The theory of anonymous big data

May 15, 2013 2:42am

ITEM: Researchers claim to have developed a model for crunching the Big Data generated from cellular networks without revealing the identities of mobile users.

The research team from AT&T, Rutgers University, Princeton, and Loyola University has built a “mobility model” of Los Angeles and New York City, using location data points from mobile voice calls and text messages on AT&T’s network in those two cities. The model aggregates the data, produces representative “synthetic call records”, then mathematically obscures any data that could identify people, reports Technology Review:

The new approach starts by aggregating traces of real human movements, then identifying common locations that might indicate home, work, or school. Next, it creates a set of transportation models. These models generate route tracks of people that the researchers call “synthetic,” because they are merely representative of the aggregate data, and not of actual people.

But the third part is the key. Even these supposedly synthetic records can closely match real ones (especially when the underlying aggregate sample is small). So an algorithm, using an emerging technique known as differential privacy, calculates exactly how high this risk is, and how to reduce it by altering the data.

In other words, you can inject “noise” into the model, such as changing the aggregated home and work locations or call times to reduce reliance on the data of a single user.

That’s key because other research has already demonstrated that it’s possible to take anonymous mobile user data and pin down a person’s name and address with it. In March, researchers at MIT and the Université Catholique de Louvain in Belgium took data from a million and a half mobile users and managed to identify 95% of them using just four location reference points.

The question, of course, is to what extent the above model will work in the real world, or how long it will take for someone to find a way around it.

For that matter, there’s also the question of how closely cellcos will follow that model, which will depend on things like the local regulatory environment and whether they can monetize anonymous data as effectively as identifiable data. While anonymous data is theoretically useful for things like street traffic planning and mapping out things like ethnic divides, malaria outbreaks and poverty levels, there’s not necessarily a commercial business model in there.
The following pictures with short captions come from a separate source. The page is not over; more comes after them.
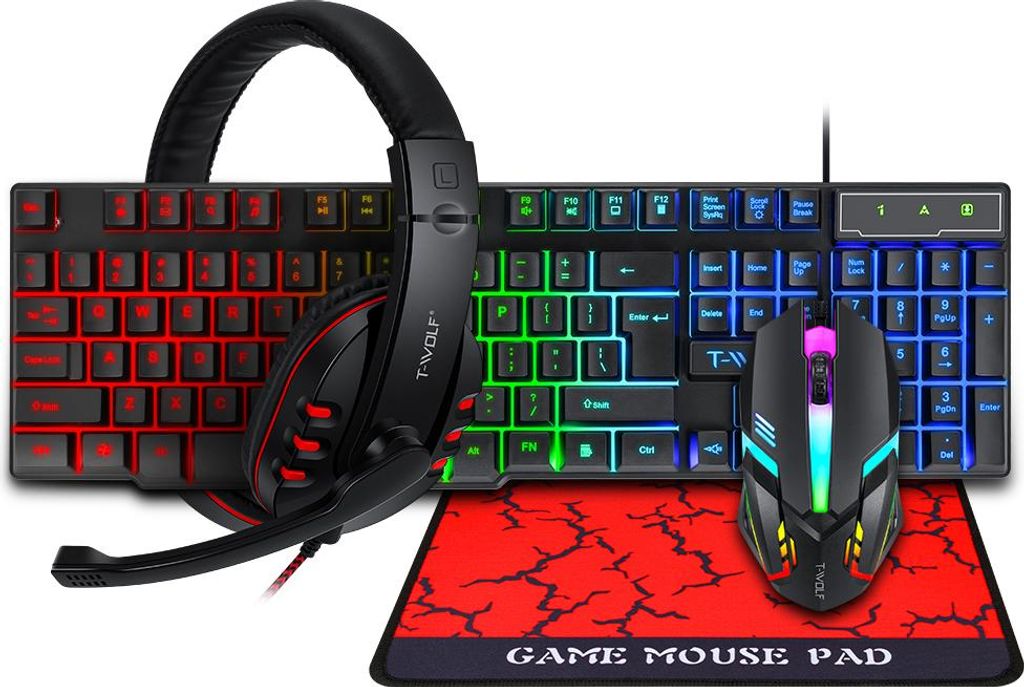 T-WOLF TF800 Vierteilige Gaming Combo 104 Tasten Tastatur 4-farbige Breathing Light Maus 3.5mm Gaming Headset Anti-Rutsch Mauspad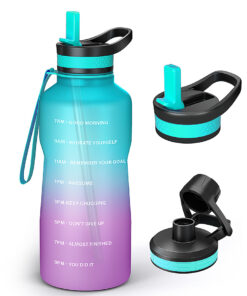 Buzio - Motivational Water Bottle with 2 Lids  64oz - Green/Purple Gradient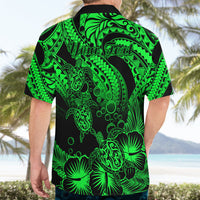 Personalised Polynesian Hawaiian Shirt Tribal Honu Turtle with Hibiscus Green Version - Wonder Print Shop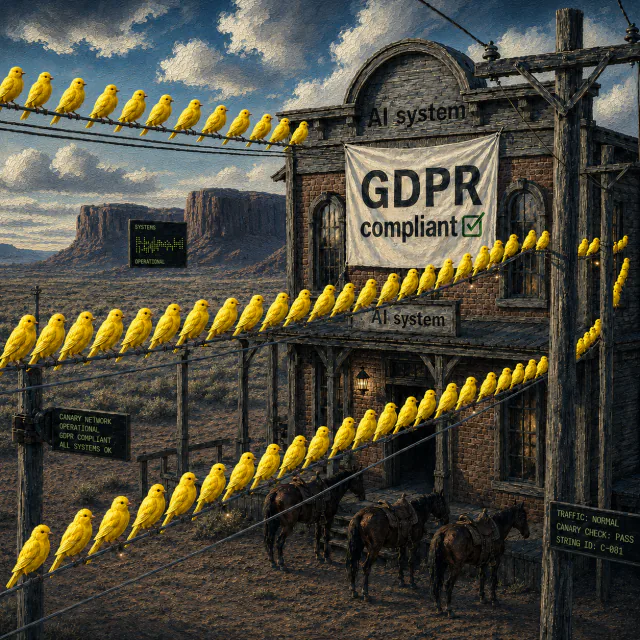 Canaries surrounding an AI system marked as GDPR compliant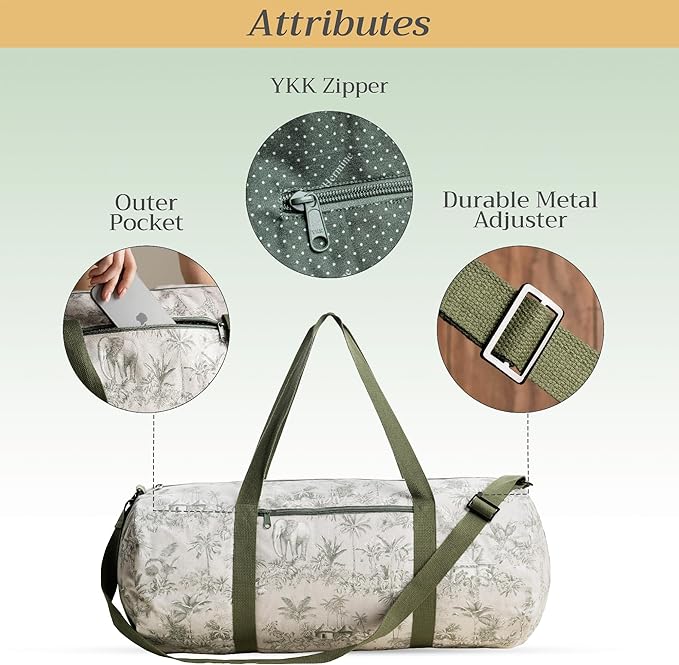 Maison d' Hermine Yoga Mat bag, Cylindrical bag for Woman&Men, yoga mat Bag &Adjustable shoulder straps Yoga Mat Carrier Bag with Drawstring Water Bottle Pocket and zipper pocket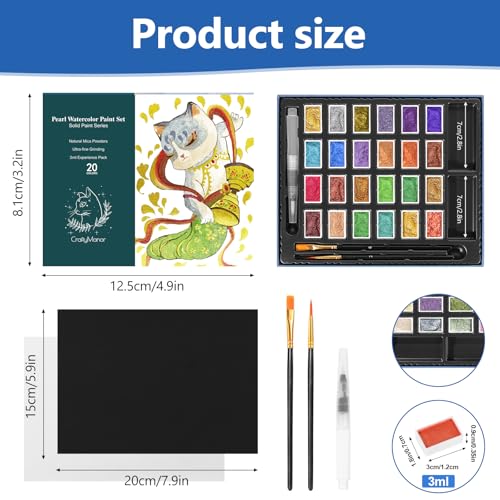 CraftyManor 3ml Forestry Shifting Watercolor Painting Set, 24 Color Shifting Watercolor Paint Set, Shimmer Metallic Watercolor Paints Set, Glitter Watercolor Paint, Solid, DunHuang Style - color: Upgraded Dunhuang 24 Colors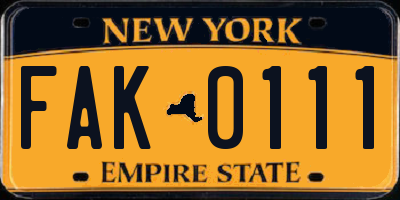 NY license plate FAK0111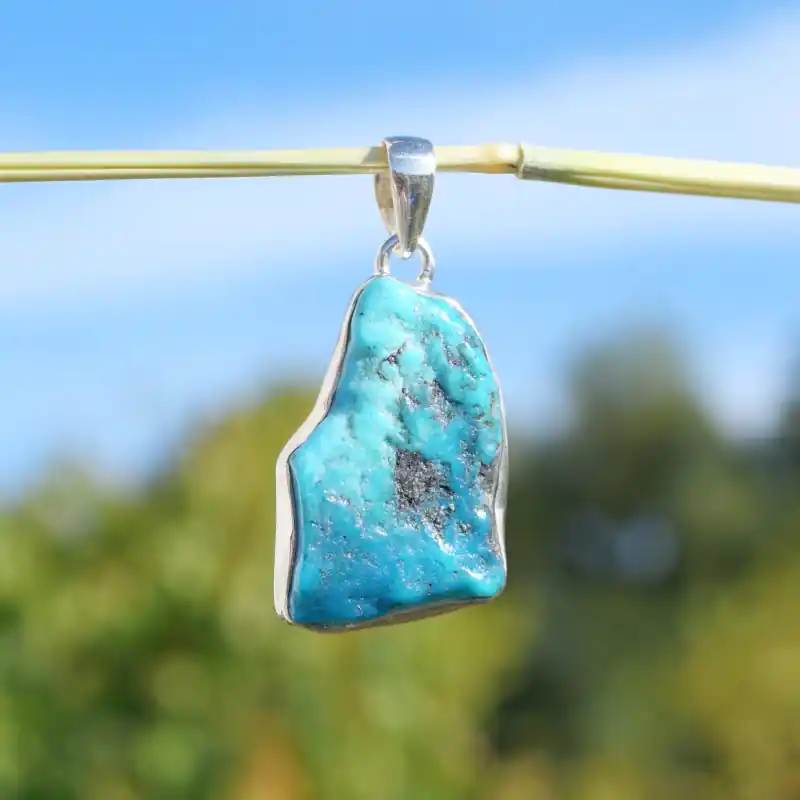 Expédié Aujourd’hui Pendentif en argent et Turquoise brute d'Arizona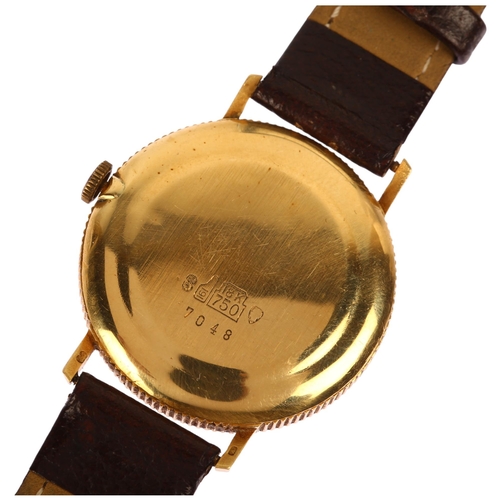 1009 - BULER - a Swiss 18ct gold Flatline quartz wristwatch, champagne dial with slimline baton hour marker... 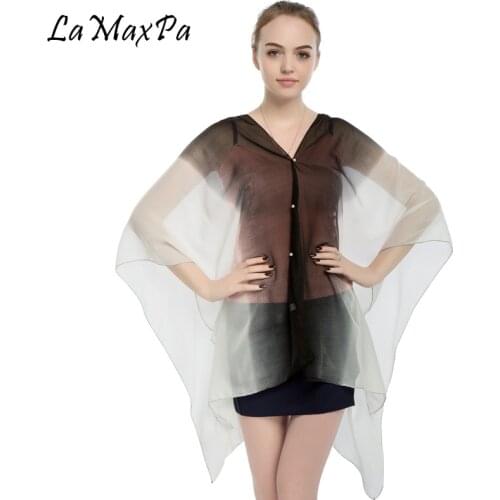 LaMaxPa Women Chiffon Shawl All-match Preppy Style Sunscreen Beachwear For Girl DIY Pearl Clasp Shawl Femme Classic Echarpe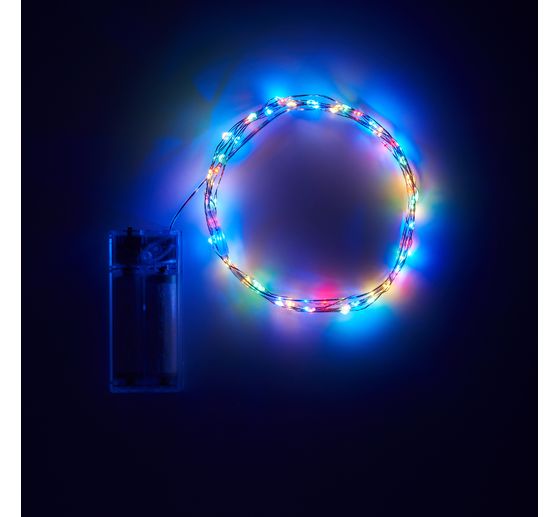 Micro LED fairy lights, multicolour, with timer, 60 LEDs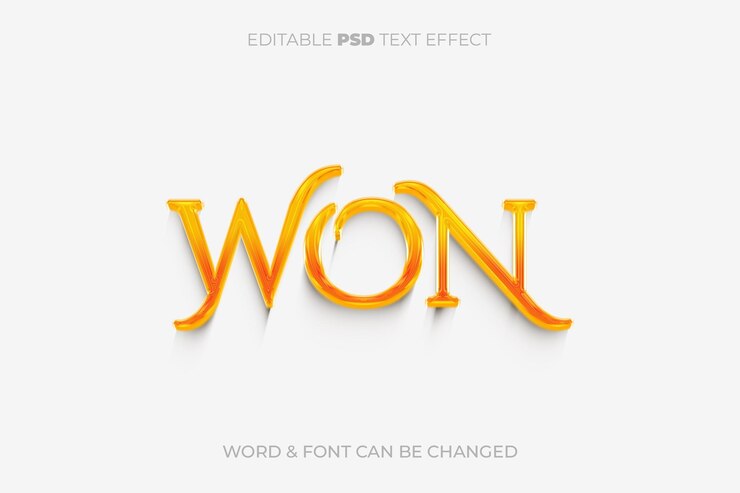 PSD golden won text effect
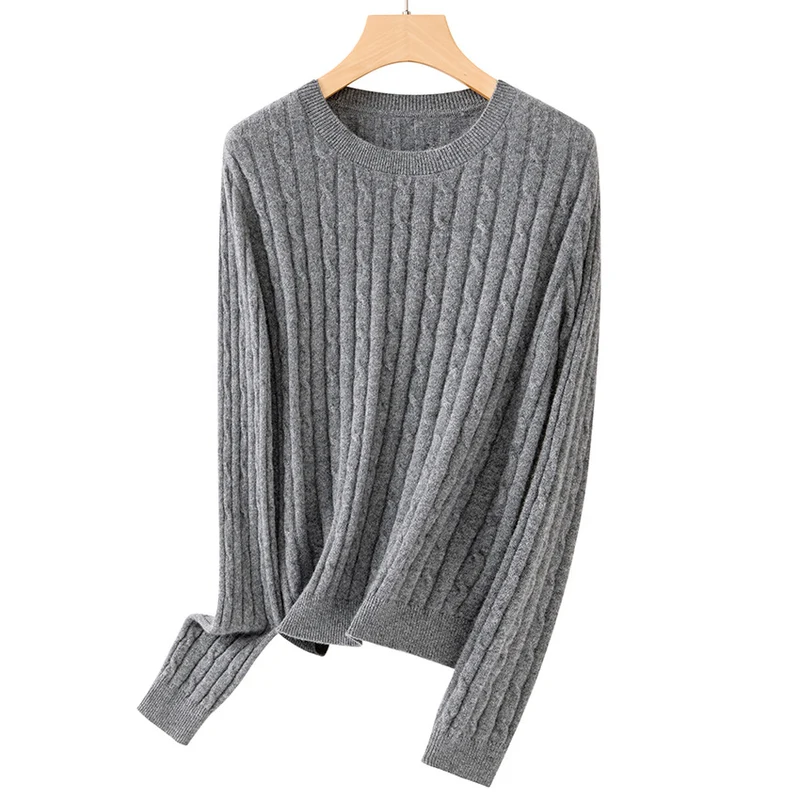 Damen Kuscheliger Zopfstrick-Pullover aus Feinstrick mit Rundhalsausschnitt Nord Taschen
Also, there’s arguably competitive pressure from OTT internet players like Google and Facebook who are already gathering tons of user data for the benefit of their advertising customers (and, sometimes, whatever government agencies might want access to it). If they aren’t keeping all their data anonymous, why should cellcos be expected to do so?

Meanwhile, while we’re on Big Data, the commercial value therein and the level of anonymity it provides, you might want to check out this piece from Kate Crawford of the MIT Centre for Civic Media, which addresses five myths about Big Data, including this one: "Big Data Is Anonymous, so It Doesn't Invade Our Privacy."

Crawford’s verdict: “Flat-out wrong.”